Sir James Altham (died 1617) was an English judge and briefly a member of the Parliament of England.  A friend of Lord Chancellor Francis Bacon, Altham opposed Edward Coke but advanced the laws of equity behind the fastness of the Exchequer courts, so long considered almost inferior.  Through advanced Jacobean royalism he helped to prosecute the King's enemies and centralise royal power of taxation.

Early life
Altham was descended from Christopher Altham of Girlington, in the West Riding of Yorkshire. He was the third son of James Altham of Mark Hall, Latton, in Essex, Sheriff of London in 1557–58, and sheriff of Essex in 1570, by Elizabeth Blancke, daughter of Thomas Blancke of London, Haberdasher, and sister of Sir Thomas Blanke, who was Lord Mayor of London in 1583. 
The Blanke family lived at the historic site of Abbot Waltham's house in the London parish of St.Mary-at-Hill.

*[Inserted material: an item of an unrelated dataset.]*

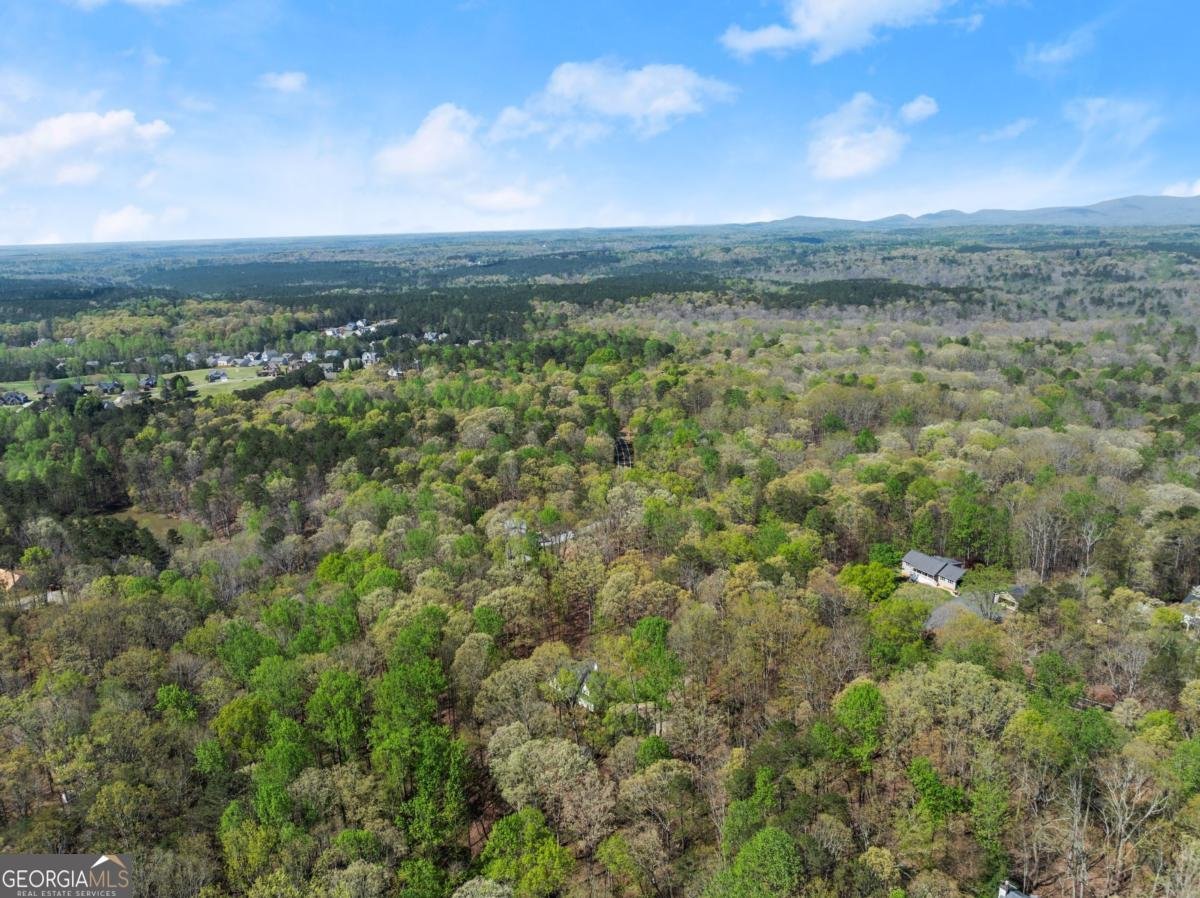 3050 Burt Creek Road Dawsonville - 48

Altham was educated at Trinity College, Cambridge, entered Gray's Inn in 1575 and was called to the bar in 1581.  He is mentioned in Croke's reports for the first time as arguing a case in the Queen's Bench in 1587.  Shortly before he entered the Commons, he was made an Ancient of Gray's Inn, granting superior status over juniors at the all-important dinners.  In 1589, he was elected M.P. for Bramber in Sussex. For some unknown reason there are no surviving records of Altham's activities during the sessions.  All that has come down is his drafting of seven bills for the Parliament of 1601, during which Robert Cecil, Earl of Salisbury passed some of the most significant social laws of the period.

Legal career
He was appointed reader at Gray's Inn in 1600, and in 1603 double reader (duplex lector). In the same year he was made serjeant-at-law.  On 1 February 1607 he was appointed one of the barons of the exchequer, in succession to Sir John Savile, and knighted.  In 1610, a question having arisen concerning the power of the crown to impose restrictions on trade and industry by proclamation, the two chief justices, the chief baron, and Baron Altham were appointed to consider the matter. The result of their consultation was that they unanimously resolved "that the king by his proclamation cannot create any offence which was not an offence before ...  That the king hath no prerogative but that which the law of the land allows him ... and lastly, that if an offence be not punishable in the Star Chamber, the prohibition of it by proclamation cannot make it punishable there."’

Altham was one of the judges whose opinion was taken in 1611 by Lord Chancellor Ellesmere on the case of the heretics Bartholomew Legate and Edward Wightman, whom Archbishop Abbot wanted burned. Altham was reputed hostile to Edward Coke, who was deliberately not consulted. The two men were burned, one at Smithfield, the other at Burton-upon-Trent.

Altham's signature, together with those of the other twelve judges, is appended to the letter to the king relative to his action in the commendam case, in which the power of the crown to stay proceedings in the courts of justice in matters affecting its prerogative is denied. A serjeant-at-law, in arguing a case involving the right of the crown to grant commendams, i.e. licences to hold benefices that otherwise would be vacated, had in the performance of his duty disputed, first, the existence of any such prerogative except in cases of necessity; secondly, the possibility of any such case arising. The thereupon wrote by his attorney-general, Francis Bacon, a letter addressed to Lord Coke requiring that all proceedings in the cause should be stayed. This letter having been communicated to the judges, they assembled, and after consultation the letter already mentioned was sent to the king. The king replied by convening a council and summoning the judges to attend thereat. They attended, and, having been admonished by the king and the attorney-general, all, with the exception of Coke, fell upon their knees, acknowledged their error, and promised amendment.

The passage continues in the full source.